● **What to do**
Below, some lines carry pictures; leave those pictures out and retype exactly the lines from the one with "2023 Jeep Cherokee Altitude Lux photo 2" through the one with "スパイク・シューズ NIKE VOMERO18".

[Captioned web images]
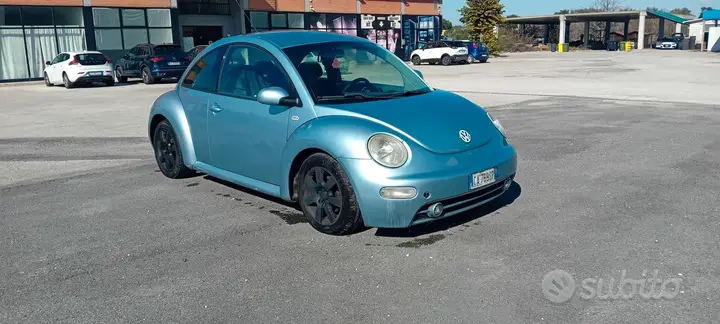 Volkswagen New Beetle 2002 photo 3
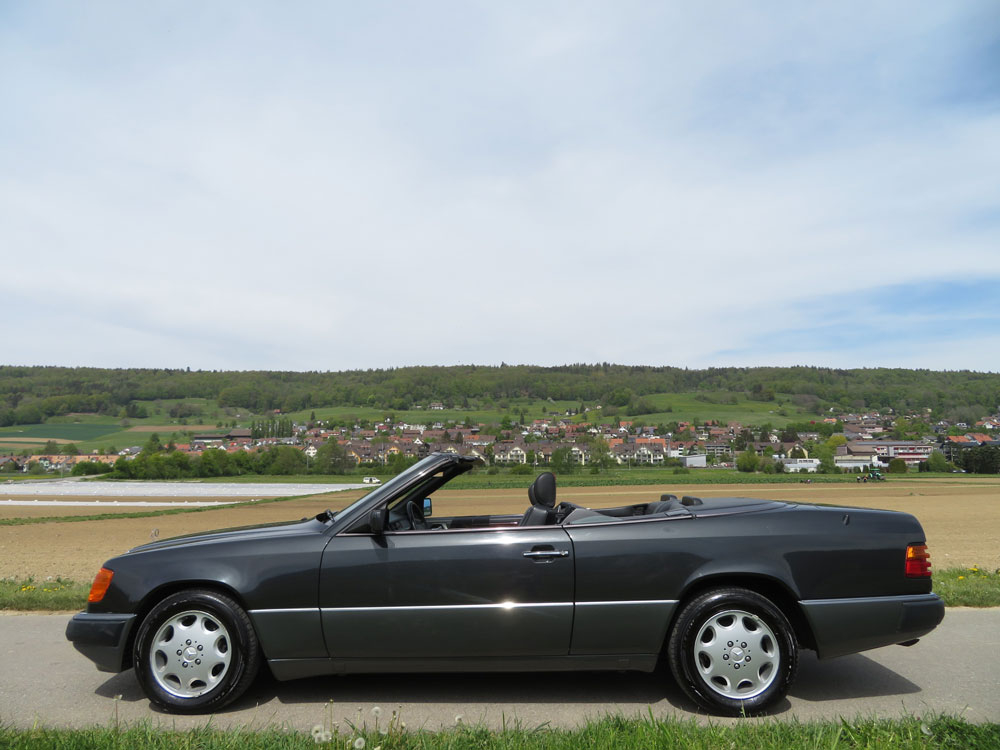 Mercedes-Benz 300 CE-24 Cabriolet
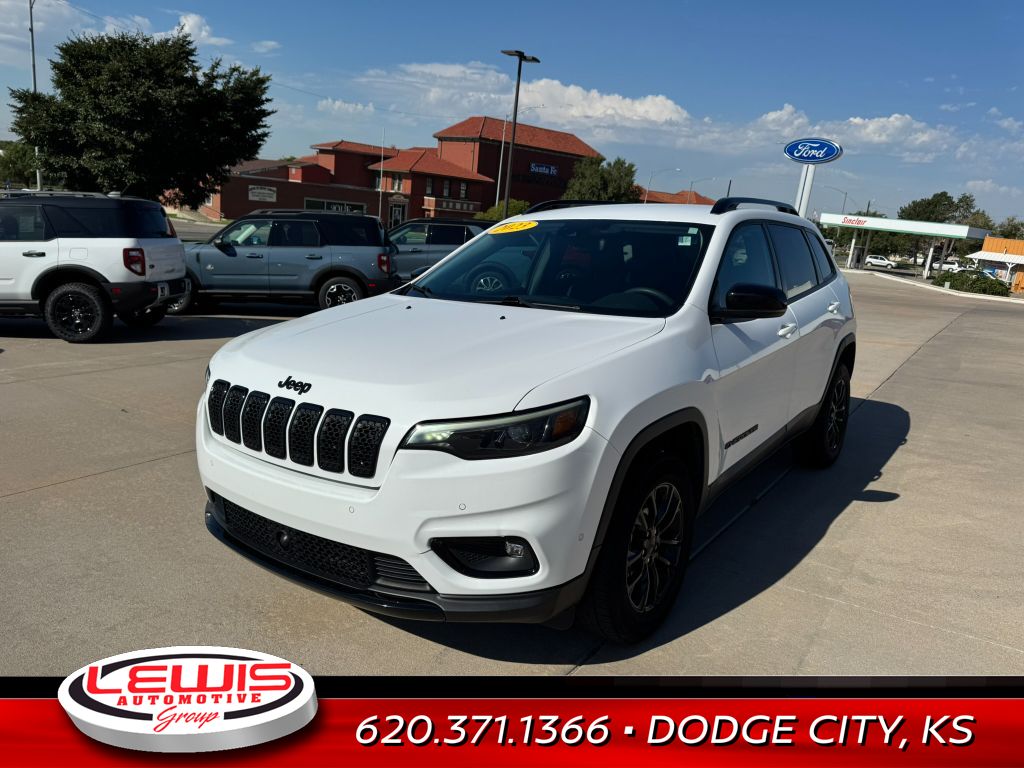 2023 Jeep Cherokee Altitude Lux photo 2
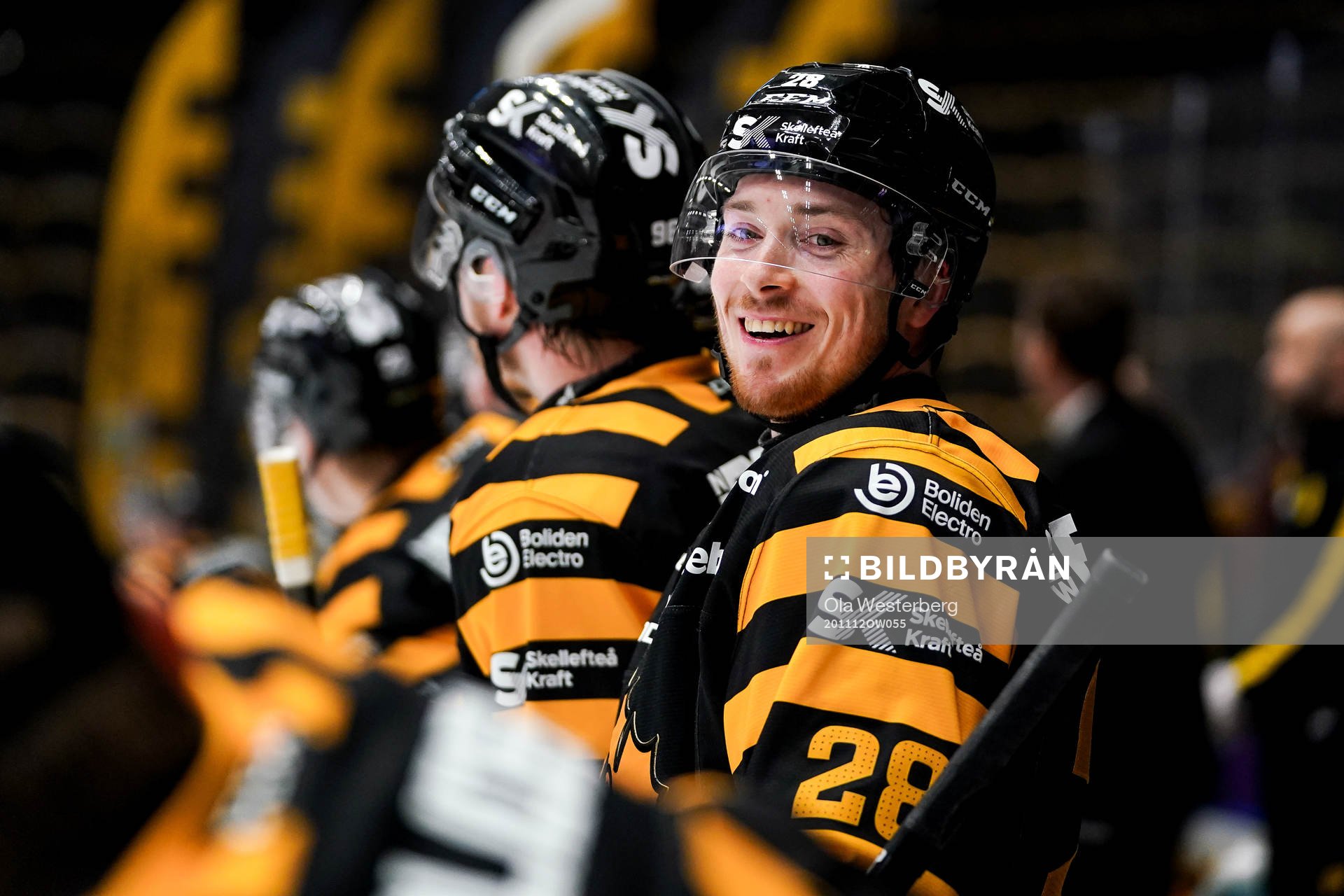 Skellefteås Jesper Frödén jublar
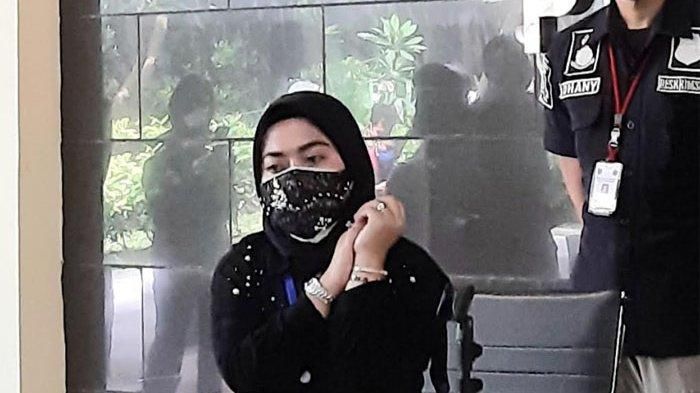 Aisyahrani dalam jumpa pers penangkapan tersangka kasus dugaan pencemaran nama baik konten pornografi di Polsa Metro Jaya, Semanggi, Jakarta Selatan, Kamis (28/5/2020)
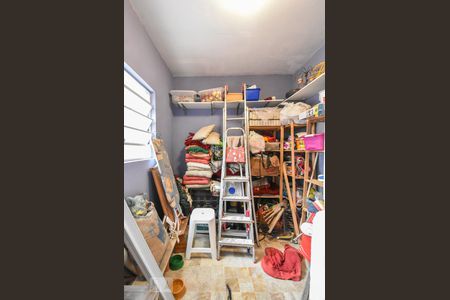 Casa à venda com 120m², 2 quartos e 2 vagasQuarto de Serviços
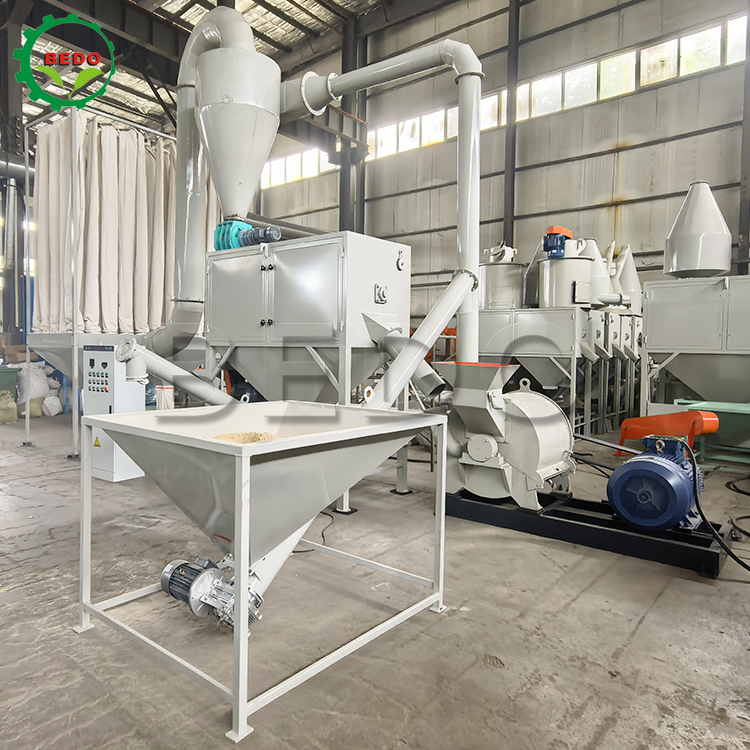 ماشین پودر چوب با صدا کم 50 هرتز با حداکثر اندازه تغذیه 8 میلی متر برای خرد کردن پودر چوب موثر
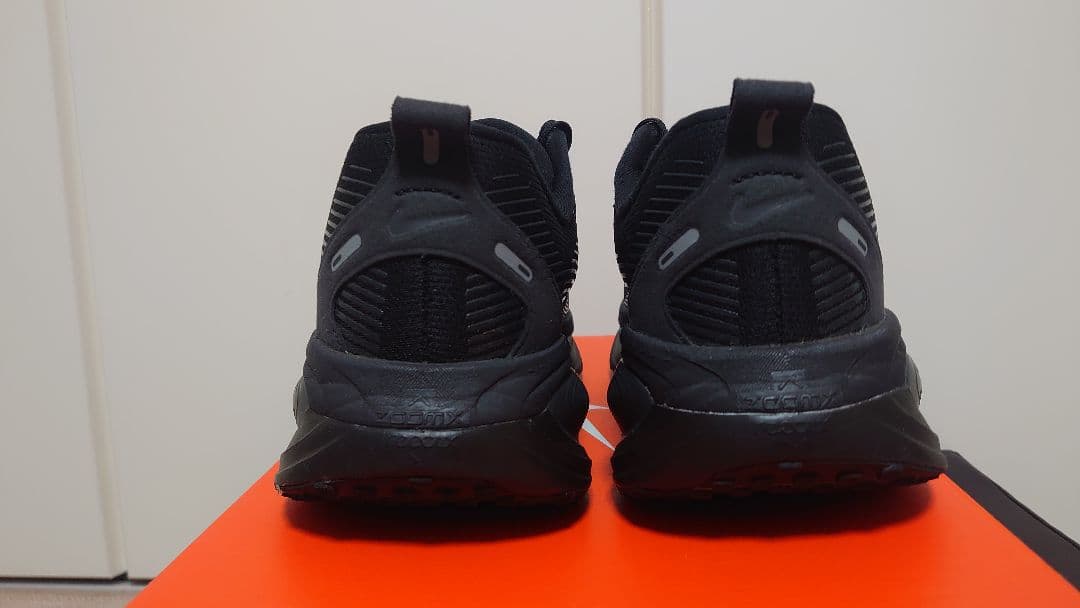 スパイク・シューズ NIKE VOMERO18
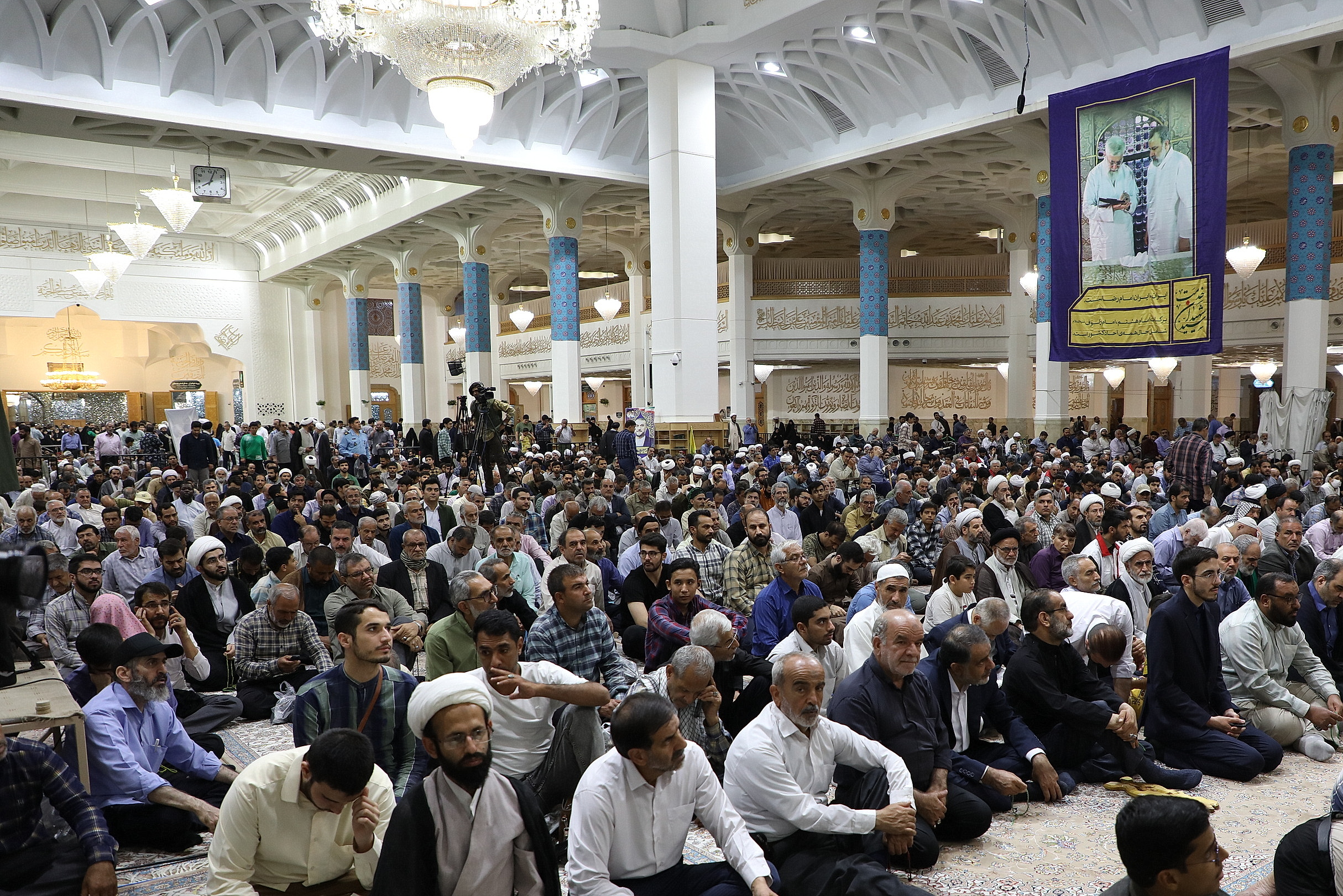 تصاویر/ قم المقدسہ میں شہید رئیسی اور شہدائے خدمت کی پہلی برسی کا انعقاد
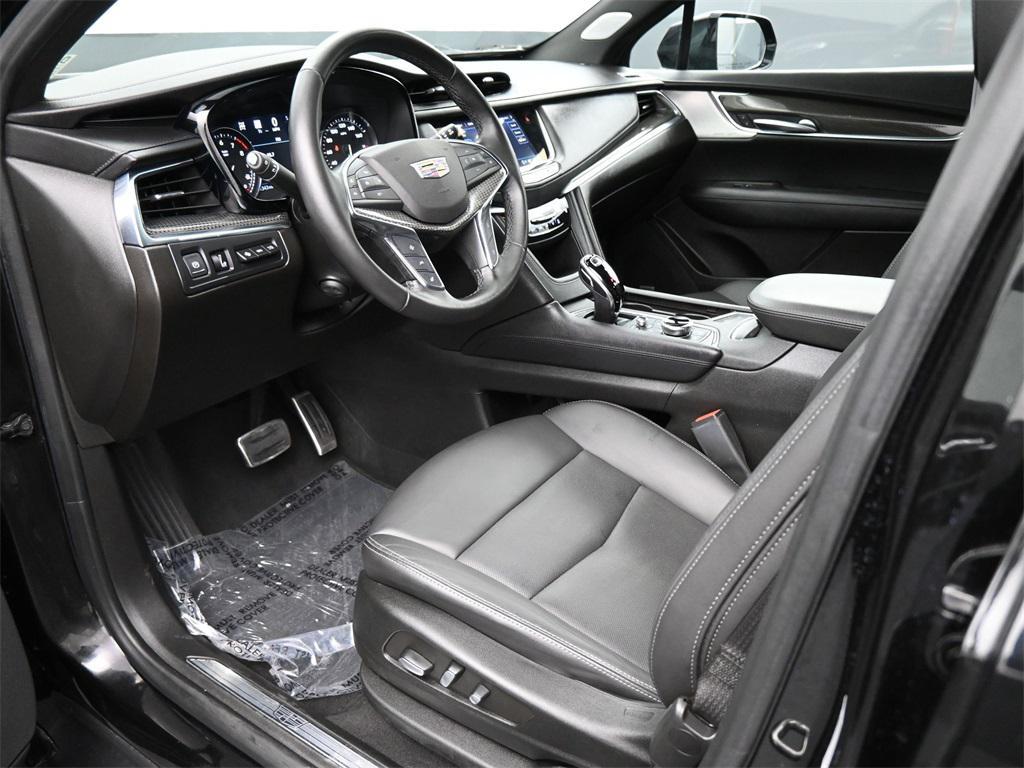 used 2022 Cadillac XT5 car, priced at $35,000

● **Answer section**
 2023 Jeep Cherokee Altitude Lux photo 2
 Skellefteås Jesper Frödén jublar
 Aisyahrani dalam jumpa pers penangkapan tersangka kasus dugaan pencemaran nama baik konten pornografi di Polsa Metro Jaya, Semanggi, Jakarta Selatan, Kamis (28/5/2020)
 Casa à venda com 120m², 2 quartos e 2 vagasQuarto de Serviços
 ماشین پودر چوب با صدا کم 50 هرتز با حداکثر اندازه تغذیه 8 میلی متر برای خرد کردن پودر چوب موثر
 スパイク・シューズ NIKE VOMERO18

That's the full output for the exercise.